Unless the ambient temperature in your house is above 23°C, it is a good idea to place all of the ingredients in a warm place (23–28°C) for at least an hour before getting started. One way to reach the right temperature is to use an electric blanket.
The bread dough can be kneaded manually on the kitchen counter, on a pastry board, in a plastic bowl or using a stand mixer. I typically use a mixer; manual kneading takes little more time, but significantly more strength.
Kneading by hand
If kneading by hand, after weighing out the flour subtract a couple handfuls for dusting the surface you’ll be doing the kneading on. This way, you will end up using exactly the right amount of flour, even accounting for the dusting.
Start by piling up the dry ingredients. Make a small hole at the top of the ingredients pile and gradually pour in the liquid ingredients, mixing them with the flour, initially using your finger but as the dough becomes more dense transitioning to kneading.
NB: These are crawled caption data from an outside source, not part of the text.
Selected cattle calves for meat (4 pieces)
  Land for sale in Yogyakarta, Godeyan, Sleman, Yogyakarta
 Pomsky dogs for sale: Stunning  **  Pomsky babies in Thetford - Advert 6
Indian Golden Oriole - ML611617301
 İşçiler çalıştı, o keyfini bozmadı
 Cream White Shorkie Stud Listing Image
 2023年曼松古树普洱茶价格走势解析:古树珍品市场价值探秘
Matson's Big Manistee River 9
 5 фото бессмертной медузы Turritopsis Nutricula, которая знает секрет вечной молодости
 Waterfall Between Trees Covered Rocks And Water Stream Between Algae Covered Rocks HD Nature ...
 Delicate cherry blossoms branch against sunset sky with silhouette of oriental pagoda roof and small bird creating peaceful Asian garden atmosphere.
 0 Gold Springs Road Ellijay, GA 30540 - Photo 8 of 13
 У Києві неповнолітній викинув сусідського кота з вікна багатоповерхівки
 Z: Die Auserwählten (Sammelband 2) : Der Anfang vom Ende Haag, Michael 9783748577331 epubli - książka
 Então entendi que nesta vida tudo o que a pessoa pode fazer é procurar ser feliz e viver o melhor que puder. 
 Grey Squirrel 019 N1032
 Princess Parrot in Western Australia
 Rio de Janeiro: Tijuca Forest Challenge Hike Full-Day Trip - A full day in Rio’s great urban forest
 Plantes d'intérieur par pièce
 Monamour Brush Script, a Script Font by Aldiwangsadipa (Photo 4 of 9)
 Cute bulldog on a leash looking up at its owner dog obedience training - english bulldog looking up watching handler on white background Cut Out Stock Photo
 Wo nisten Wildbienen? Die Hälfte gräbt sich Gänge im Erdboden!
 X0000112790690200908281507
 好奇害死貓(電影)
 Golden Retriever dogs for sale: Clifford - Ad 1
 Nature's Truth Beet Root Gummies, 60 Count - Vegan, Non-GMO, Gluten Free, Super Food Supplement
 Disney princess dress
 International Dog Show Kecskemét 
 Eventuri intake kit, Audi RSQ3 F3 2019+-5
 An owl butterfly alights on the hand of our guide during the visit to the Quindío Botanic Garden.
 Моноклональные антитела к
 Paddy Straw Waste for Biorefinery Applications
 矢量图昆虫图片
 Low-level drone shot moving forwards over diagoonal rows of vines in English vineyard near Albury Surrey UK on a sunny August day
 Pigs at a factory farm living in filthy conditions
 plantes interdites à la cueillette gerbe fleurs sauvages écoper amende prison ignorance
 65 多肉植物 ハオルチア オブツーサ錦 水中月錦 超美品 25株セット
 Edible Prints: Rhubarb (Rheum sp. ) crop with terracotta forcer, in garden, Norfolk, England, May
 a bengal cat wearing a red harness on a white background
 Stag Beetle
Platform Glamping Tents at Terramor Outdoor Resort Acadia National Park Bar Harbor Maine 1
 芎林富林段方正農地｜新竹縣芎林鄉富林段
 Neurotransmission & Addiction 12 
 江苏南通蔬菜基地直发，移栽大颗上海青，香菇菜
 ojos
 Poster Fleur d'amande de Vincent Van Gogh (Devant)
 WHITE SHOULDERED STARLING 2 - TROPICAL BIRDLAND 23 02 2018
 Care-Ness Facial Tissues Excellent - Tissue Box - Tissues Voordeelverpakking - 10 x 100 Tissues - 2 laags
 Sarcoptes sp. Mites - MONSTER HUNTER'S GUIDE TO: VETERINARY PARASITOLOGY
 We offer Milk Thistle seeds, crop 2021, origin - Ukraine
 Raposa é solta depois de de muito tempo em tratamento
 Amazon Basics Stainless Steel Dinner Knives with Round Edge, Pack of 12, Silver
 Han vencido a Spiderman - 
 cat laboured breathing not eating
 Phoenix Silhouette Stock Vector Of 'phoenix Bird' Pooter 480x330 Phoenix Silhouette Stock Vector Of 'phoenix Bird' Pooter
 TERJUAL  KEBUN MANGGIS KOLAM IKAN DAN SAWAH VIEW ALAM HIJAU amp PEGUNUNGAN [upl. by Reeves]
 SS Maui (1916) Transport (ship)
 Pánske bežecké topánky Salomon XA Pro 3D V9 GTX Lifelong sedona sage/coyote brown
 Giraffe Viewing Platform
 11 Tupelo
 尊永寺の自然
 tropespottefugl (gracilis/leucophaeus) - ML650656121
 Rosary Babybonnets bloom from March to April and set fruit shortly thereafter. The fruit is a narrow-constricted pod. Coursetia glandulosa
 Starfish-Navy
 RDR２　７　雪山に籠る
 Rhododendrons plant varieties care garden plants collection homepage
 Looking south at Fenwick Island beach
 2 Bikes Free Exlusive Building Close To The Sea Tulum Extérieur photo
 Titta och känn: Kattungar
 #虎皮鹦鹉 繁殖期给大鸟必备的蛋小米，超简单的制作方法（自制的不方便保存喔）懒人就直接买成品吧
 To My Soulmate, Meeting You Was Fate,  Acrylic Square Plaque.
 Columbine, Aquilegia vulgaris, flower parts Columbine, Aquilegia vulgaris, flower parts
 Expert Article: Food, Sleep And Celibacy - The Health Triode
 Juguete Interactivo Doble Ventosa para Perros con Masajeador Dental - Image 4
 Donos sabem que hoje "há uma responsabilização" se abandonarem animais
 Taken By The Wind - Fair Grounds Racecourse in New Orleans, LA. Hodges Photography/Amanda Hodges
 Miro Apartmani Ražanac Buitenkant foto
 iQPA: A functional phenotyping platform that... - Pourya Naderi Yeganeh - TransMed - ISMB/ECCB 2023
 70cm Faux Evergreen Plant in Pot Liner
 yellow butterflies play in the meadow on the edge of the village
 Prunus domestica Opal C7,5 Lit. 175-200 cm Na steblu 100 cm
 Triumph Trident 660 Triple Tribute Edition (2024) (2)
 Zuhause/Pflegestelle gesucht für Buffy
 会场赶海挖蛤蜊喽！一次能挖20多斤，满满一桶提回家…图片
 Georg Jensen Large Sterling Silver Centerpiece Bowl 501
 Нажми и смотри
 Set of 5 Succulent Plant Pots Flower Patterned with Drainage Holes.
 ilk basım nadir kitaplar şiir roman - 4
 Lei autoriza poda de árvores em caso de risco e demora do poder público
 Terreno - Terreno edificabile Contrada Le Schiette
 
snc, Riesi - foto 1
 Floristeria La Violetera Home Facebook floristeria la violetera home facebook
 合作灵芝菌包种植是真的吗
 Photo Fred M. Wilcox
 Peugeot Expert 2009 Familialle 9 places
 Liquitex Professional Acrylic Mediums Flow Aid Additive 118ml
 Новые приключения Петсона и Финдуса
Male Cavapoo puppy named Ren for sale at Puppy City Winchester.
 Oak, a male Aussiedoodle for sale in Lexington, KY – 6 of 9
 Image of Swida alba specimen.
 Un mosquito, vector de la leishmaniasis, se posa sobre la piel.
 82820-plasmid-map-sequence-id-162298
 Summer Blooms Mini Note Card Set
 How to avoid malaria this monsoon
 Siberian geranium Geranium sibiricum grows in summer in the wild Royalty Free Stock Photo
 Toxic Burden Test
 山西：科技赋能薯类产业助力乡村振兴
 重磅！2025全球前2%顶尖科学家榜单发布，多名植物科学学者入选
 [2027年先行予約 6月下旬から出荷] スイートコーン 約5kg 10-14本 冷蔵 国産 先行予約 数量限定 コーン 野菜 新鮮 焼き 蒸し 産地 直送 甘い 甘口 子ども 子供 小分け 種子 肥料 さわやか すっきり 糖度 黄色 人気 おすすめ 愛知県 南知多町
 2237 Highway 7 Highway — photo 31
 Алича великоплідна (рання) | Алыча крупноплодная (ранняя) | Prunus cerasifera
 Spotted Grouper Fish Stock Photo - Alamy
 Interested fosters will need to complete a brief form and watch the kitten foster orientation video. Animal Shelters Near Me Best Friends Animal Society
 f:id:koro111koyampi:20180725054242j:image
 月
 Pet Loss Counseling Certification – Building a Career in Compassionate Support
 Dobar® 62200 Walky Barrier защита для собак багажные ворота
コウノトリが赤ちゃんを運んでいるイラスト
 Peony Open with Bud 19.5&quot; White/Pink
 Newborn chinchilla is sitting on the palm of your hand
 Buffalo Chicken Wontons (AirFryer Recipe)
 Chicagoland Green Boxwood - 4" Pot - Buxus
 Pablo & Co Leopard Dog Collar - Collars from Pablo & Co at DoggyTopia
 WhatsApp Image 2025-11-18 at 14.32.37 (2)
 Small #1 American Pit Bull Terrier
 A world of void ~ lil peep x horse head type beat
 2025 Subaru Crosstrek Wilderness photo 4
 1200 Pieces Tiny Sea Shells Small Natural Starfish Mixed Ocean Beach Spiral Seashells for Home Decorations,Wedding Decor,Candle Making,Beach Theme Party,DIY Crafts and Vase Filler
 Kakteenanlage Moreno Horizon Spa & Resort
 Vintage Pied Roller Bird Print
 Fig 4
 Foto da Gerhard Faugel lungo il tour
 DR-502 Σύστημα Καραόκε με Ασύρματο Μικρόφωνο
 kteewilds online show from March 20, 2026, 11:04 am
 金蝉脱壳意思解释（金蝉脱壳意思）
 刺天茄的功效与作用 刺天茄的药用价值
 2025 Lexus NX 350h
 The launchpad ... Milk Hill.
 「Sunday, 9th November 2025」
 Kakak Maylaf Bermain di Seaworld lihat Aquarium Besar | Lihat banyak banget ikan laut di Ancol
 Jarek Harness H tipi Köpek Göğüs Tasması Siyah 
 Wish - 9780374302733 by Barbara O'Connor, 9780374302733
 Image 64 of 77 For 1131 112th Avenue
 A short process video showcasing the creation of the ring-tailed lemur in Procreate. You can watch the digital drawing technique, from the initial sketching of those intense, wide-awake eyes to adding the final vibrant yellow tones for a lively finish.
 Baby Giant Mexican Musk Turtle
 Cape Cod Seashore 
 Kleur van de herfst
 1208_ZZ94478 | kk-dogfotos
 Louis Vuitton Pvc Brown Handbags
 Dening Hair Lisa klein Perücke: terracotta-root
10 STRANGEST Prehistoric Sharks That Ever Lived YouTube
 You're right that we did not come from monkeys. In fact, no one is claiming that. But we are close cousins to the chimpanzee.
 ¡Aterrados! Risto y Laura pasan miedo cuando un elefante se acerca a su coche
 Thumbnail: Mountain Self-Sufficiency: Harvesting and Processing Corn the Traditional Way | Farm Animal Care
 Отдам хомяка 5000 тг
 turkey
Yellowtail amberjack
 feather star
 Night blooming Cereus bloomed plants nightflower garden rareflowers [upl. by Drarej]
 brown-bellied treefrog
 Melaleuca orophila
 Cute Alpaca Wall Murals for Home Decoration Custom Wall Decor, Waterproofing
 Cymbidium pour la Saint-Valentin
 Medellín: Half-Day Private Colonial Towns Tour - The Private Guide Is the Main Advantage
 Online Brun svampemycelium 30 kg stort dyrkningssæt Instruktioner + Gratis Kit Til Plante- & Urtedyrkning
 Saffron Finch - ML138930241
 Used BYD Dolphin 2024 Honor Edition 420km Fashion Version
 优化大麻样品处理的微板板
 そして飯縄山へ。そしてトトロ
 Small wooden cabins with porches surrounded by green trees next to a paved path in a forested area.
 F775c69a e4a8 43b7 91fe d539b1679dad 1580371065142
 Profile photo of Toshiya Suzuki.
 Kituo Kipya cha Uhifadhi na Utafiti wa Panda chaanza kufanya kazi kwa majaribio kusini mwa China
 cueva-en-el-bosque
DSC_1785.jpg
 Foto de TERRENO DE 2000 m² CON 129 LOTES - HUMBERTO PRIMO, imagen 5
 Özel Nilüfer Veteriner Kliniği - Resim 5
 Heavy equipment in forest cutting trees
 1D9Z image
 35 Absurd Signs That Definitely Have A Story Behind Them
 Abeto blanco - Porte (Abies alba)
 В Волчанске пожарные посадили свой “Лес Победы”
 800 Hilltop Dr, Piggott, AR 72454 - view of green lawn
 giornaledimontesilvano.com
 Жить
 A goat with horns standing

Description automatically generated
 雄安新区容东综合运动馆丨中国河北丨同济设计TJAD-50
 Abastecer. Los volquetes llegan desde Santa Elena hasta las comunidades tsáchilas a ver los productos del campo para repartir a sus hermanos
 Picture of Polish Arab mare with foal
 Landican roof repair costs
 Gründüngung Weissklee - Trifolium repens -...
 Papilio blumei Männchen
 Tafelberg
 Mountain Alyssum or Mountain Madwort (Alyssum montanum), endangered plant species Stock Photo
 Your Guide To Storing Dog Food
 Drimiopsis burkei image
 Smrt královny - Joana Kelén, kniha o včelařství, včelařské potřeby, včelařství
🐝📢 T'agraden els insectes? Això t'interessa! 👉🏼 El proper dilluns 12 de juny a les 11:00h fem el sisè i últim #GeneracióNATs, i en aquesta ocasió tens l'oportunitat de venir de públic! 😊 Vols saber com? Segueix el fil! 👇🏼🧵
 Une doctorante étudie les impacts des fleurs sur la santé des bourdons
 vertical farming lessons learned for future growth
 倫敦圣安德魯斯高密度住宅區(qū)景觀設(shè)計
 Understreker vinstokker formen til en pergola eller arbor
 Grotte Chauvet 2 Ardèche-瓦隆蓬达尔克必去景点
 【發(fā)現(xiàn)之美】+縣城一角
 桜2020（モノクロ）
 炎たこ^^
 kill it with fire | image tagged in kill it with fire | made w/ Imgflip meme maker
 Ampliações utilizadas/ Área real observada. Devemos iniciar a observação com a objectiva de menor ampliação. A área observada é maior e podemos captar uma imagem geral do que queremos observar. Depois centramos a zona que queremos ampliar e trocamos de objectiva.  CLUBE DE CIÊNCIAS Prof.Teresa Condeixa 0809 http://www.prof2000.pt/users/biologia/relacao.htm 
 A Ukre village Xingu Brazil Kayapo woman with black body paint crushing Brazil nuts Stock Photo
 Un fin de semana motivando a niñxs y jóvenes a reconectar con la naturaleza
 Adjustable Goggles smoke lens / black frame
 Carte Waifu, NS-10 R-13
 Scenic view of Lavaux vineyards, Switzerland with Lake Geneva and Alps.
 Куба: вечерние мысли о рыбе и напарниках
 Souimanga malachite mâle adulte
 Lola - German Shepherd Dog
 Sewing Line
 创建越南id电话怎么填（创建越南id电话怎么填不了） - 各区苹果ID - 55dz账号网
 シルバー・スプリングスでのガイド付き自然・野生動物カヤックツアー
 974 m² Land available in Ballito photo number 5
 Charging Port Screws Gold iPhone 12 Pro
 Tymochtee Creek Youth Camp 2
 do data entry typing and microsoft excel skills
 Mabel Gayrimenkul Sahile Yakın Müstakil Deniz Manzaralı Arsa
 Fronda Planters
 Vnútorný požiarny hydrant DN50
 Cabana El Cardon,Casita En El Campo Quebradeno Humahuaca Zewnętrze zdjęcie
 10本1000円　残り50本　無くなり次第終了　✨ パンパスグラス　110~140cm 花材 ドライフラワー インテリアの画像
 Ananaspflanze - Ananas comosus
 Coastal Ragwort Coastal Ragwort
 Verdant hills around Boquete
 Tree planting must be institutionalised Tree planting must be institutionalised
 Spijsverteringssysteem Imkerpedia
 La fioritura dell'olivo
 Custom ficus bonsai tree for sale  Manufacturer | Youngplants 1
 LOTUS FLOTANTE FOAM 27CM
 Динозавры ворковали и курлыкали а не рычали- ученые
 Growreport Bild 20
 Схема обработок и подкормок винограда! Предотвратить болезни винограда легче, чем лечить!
Once the ingredients have combined, knead the dough as follows: grab one edge of it, lift and stretch slightly, fold it in half and push down; then grab another edge, lift, fold, and push down; and so on. Continue until the dough becomes uniform, typically around 10 minutes. Don’t worry about overdoing it, too much hand kneading is rarely a problem.
Kneading using a stand mixer
If kneading with a stand mixer, use a bowl that’s at least 5 liters and a dough hook attachment. Add all ingredients to the bowl and mix at the slowest speed for exactly 6 minutes. Faster speeds or longer mixing times would tear too many of the gluten “threads” which help the loaf keep its shape.
After the kneading
After the first kneading is complete, cover the dough with a dish cloth and put it in a warm place (23–28°C) for 20 minutes (this is autolysis). If you did the kneading by hand, you may transfer the dough to a lightly oiled plastic bowl for this period.